▸ Records drawn from a dataset:
================================

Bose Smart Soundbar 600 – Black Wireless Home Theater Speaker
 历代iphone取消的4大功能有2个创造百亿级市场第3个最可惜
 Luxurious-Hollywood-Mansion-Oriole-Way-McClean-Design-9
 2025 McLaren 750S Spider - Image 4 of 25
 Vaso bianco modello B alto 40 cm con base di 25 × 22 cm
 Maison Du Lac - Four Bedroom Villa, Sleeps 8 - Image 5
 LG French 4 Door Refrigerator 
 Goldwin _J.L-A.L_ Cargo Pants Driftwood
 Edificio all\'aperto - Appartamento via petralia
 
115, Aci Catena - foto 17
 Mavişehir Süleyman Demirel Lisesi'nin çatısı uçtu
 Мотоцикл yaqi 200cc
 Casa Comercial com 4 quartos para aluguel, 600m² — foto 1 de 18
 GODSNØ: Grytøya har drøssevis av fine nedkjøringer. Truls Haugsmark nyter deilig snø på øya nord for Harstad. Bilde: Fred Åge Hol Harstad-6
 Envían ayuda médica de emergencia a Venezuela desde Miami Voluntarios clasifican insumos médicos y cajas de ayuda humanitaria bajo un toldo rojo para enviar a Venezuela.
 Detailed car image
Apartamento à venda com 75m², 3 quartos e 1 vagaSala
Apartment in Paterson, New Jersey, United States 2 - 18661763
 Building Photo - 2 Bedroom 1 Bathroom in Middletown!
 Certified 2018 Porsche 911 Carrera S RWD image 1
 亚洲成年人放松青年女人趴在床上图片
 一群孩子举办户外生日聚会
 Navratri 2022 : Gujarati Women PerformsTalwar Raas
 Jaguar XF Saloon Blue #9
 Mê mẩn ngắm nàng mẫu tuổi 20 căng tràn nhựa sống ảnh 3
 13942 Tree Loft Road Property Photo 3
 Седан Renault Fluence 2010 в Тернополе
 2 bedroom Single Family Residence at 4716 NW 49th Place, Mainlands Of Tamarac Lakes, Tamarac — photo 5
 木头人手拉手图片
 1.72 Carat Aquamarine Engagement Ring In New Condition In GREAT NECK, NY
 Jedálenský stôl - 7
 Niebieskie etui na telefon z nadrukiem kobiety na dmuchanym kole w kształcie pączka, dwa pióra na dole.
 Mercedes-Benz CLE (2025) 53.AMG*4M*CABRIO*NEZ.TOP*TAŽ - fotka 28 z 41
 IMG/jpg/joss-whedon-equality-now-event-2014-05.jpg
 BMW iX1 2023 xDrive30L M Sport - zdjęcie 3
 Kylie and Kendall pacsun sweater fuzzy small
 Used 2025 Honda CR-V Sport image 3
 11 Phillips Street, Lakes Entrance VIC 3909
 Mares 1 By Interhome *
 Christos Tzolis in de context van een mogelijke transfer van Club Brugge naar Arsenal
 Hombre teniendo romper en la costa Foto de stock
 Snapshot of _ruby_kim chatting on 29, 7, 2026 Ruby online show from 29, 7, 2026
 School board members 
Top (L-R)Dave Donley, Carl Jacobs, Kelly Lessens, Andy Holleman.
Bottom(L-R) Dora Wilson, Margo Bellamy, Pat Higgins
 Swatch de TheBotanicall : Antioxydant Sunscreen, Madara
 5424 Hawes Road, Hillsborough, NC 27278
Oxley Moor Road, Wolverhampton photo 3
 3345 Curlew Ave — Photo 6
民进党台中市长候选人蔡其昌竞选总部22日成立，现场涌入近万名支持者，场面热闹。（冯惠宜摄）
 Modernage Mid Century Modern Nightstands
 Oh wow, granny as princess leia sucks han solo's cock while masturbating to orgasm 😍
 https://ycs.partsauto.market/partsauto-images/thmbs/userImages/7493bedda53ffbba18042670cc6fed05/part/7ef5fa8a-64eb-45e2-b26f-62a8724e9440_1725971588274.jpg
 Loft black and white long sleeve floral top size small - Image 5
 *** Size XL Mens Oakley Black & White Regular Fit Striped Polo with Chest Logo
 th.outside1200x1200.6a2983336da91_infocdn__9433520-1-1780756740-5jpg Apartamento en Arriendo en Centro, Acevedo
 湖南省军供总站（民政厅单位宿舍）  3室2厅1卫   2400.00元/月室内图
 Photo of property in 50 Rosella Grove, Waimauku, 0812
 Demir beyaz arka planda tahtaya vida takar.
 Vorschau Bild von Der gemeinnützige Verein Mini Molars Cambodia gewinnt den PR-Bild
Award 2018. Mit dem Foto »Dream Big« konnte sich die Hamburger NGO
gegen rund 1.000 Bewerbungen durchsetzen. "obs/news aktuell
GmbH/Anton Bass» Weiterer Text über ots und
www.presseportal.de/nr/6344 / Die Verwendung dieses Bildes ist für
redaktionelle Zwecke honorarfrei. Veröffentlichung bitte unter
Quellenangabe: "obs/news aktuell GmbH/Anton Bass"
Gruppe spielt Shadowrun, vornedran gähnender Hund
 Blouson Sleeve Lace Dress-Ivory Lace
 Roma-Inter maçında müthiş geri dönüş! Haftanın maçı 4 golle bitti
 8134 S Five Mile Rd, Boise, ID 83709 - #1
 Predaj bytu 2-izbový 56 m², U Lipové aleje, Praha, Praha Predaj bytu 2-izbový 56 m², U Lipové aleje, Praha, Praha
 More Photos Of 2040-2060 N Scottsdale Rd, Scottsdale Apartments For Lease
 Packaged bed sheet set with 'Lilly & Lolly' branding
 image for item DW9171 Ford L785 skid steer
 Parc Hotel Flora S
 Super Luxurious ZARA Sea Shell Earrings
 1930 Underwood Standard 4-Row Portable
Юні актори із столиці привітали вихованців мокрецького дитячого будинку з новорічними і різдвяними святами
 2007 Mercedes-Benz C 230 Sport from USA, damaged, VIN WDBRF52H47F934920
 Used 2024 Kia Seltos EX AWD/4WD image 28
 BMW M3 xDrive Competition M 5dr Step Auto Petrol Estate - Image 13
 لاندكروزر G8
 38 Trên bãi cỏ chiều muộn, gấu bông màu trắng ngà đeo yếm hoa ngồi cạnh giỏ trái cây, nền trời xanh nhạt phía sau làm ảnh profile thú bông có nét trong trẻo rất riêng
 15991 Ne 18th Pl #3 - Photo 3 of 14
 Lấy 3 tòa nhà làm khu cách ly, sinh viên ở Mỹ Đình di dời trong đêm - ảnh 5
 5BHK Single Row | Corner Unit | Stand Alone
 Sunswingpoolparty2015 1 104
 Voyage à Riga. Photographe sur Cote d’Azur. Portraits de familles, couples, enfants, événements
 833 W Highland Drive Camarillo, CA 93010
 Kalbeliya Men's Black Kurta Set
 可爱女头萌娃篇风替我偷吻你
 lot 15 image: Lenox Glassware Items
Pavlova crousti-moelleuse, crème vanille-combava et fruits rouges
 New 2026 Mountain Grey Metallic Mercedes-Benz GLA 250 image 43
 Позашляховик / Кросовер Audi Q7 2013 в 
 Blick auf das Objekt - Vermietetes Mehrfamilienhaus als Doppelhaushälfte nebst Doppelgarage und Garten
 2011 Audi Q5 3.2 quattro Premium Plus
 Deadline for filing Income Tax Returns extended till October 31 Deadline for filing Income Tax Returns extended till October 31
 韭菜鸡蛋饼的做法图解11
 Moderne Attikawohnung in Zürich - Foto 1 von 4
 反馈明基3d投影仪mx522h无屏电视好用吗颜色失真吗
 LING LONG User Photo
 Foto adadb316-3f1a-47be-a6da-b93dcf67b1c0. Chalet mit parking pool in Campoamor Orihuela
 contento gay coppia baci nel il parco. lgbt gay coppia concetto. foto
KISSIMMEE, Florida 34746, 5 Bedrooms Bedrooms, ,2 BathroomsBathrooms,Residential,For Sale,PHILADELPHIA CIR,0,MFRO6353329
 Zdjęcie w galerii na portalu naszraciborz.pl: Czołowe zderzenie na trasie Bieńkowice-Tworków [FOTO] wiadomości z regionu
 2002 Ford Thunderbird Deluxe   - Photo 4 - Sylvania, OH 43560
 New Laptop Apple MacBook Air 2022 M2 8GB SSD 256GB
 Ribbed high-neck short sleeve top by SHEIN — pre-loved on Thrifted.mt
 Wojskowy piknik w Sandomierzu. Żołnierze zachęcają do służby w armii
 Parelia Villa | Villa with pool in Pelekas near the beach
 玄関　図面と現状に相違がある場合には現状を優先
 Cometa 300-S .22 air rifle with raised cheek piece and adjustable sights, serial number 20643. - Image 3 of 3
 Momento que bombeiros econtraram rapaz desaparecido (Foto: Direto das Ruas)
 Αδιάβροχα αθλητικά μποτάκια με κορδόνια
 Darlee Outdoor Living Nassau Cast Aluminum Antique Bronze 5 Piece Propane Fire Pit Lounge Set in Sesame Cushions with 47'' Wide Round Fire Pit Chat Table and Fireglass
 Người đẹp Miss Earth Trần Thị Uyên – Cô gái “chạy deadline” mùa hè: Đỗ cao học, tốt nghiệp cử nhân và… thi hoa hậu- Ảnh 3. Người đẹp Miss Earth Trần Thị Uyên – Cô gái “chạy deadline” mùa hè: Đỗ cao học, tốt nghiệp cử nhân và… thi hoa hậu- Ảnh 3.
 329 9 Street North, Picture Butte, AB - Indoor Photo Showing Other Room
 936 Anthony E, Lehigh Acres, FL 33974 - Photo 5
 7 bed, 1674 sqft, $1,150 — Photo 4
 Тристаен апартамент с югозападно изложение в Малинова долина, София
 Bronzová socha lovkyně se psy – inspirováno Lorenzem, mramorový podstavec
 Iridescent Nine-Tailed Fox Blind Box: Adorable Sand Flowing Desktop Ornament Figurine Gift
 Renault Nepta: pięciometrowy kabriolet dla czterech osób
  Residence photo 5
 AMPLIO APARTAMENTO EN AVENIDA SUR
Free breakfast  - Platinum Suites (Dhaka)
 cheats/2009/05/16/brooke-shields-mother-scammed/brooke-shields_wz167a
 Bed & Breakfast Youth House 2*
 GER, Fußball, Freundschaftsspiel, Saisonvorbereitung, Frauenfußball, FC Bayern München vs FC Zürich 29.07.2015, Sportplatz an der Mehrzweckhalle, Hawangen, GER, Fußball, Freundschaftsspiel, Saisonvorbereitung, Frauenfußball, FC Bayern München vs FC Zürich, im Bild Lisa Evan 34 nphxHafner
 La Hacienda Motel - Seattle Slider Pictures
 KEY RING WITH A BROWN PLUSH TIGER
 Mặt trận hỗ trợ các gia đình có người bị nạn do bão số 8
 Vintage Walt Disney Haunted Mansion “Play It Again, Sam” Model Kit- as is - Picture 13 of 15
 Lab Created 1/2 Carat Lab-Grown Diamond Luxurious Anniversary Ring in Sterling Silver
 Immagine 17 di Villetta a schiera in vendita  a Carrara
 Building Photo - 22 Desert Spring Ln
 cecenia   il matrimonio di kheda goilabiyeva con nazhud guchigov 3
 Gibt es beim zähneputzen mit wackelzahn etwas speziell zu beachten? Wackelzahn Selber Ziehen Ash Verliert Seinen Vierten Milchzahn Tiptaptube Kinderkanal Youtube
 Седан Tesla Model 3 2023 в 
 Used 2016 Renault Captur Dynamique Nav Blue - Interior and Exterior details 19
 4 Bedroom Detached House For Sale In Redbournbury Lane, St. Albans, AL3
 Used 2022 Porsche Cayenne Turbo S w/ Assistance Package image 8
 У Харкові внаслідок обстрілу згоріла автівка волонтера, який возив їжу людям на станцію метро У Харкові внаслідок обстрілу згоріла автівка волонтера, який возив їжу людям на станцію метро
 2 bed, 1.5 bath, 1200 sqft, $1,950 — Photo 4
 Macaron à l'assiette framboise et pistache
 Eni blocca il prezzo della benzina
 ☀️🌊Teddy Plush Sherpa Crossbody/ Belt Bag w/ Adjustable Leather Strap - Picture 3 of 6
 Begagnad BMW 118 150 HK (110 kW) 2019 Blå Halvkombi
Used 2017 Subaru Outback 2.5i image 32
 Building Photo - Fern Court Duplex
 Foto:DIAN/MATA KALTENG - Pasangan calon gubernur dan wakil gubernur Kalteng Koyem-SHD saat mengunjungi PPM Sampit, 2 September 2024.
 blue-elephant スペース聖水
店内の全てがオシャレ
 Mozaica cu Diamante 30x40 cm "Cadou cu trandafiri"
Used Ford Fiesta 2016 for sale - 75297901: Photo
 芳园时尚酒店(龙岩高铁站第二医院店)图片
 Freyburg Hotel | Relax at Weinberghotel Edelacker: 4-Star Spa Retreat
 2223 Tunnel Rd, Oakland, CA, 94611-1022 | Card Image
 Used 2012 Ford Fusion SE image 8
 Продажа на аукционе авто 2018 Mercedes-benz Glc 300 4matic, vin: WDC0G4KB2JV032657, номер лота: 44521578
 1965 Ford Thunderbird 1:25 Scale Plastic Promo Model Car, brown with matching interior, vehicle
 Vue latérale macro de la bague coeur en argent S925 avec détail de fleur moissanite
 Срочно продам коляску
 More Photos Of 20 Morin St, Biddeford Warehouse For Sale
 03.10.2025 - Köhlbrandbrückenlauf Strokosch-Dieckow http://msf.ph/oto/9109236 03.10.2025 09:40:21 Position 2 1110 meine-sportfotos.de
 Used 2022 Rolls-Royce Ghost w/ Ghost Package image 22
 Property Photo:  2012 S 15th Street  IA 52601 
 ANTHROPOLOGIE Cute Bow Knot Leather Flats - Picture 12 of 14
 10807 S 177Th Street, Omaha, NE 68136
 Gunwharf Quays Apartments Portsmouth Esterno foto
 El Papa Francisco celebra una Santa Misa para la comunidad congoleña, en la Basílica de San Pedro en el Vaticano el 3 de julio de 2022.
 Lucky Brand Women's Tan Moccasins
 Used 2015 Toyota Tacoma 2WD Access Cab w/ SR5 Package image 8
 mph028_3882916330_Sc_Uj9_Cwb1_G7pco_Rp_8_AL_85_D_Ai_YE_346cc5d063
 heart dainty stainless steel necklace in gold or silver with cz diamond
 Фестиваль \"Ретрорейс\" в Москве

================================

As listed above, the lines from the line with "Swatch de TheBotanicall" to the line with "لاندكروزر G8" are to be echoed exactly, with both ends included and nothing added.

▸ EXERCISE RESULT:
 Swatch de TheBotanicall : Antioxydant Sunscreen, Madara
 5424 Hawes Road, Hillsborough, NC 27278
Oxley Moor Road, Wolverhampton photo 3
 3345 Curlew Ave — Photo 6
民进党台中市长候选人蔡其昌竞选总部22日成立，现场涌入近万名支持者，场面热闹。（冯惠宜摄）
 Modernage Mid Century Modern Nightstands
 Oh wow, granny as princess leia sucks han solo's cock while masturbating to orgasm 😍
 https://ycs.partsauto.market/partsauto-images/thmbs/userImages/7493bedda53ffbba18042670cc6fed05/part/7ef5fa8a-64eb-45e2-b26f-62a8724e9440_1725971588274.jpg
 Loft black and white long sleeve floral top size small - Image 5
 *** Size XL Mens Oakley Black & White Regular Fit Striped Polo with Chest Logo
 th.outside1200x1200.6a2983336da91_infocdn__9433520-1-1780756740-5jpg Apartamento en Arriendo en Centro, Acevedo
 湖南省军供总站（民政厅单位宿舍）  3室2厅1卫   2400.00元/月室内图
 Photo of property in 50 Rosella Grove, Waimauku, 0812
 Demir beyaz arka planda tahtaya vida takar.
 Vorschau Bild von Der gemeinnützige Verein Mini Molars Cambodia gewinnt den PR-Bild
Award 2018. Mit dem Foto »Dream Big« konnte sich die Hamburger NGO
gegen rund 1.000 Bewerbungen durchsetzen. "obs/news aktuell
GmbH/Anton Bass» Weiterer Text über ots und
www.presseportal.de/nr/6344 / Die Verwendung dieses Bildes ist für
redaktionelle Zwecke honorarfrei. Veröffentlichung bitte unter
Quellenangabe: "obs/news aktuell GmbH/Anton Bass"
Gruppe spielt Shadowrun, vornedran gähnender Hund
 Blouson Sleeve Lace Dress-Ivory Lace
 Roma-Inter maçında müthiş geri dönüş! Haftanın maçı 4 golle bitti
 8134 S Five Mile Rd, Boise, ID 83709 - #1
 Predaj bytu 2-izbový 56 m², U Lipové aleje, Praha, Praha Predaj bytu 2-izbový 56 m², U Lipové aleje, Praha, Praha
 More Photos Of 2040-2060 N Scottsdale Rd, Scottsdale Apartments For Lease
 Packaged bed sheet set with 'Lilly & Lolly' branding
 image for item DW9171 Ford L785 skid steer
 Parc Hotel Flora S
 Super Luxurious ZARA Sea Shell Earrings
 1930 Underwood Standard 4-Row Portable
Юні актори із столиці привітали вихованців мокрецького дитячого будинку з новорічними і різдвяними святами
 2007 Mercedes-Benz C 230 Sport from USA, damaged, VIN WDBRF52H47F934920
 Used 2024 Kia Seltos EX AWD/4WD image 28
 BMW M3 xDrive Competition M 5dr Step Auto Petrol Estate - Image 13
 لاندكروزر G8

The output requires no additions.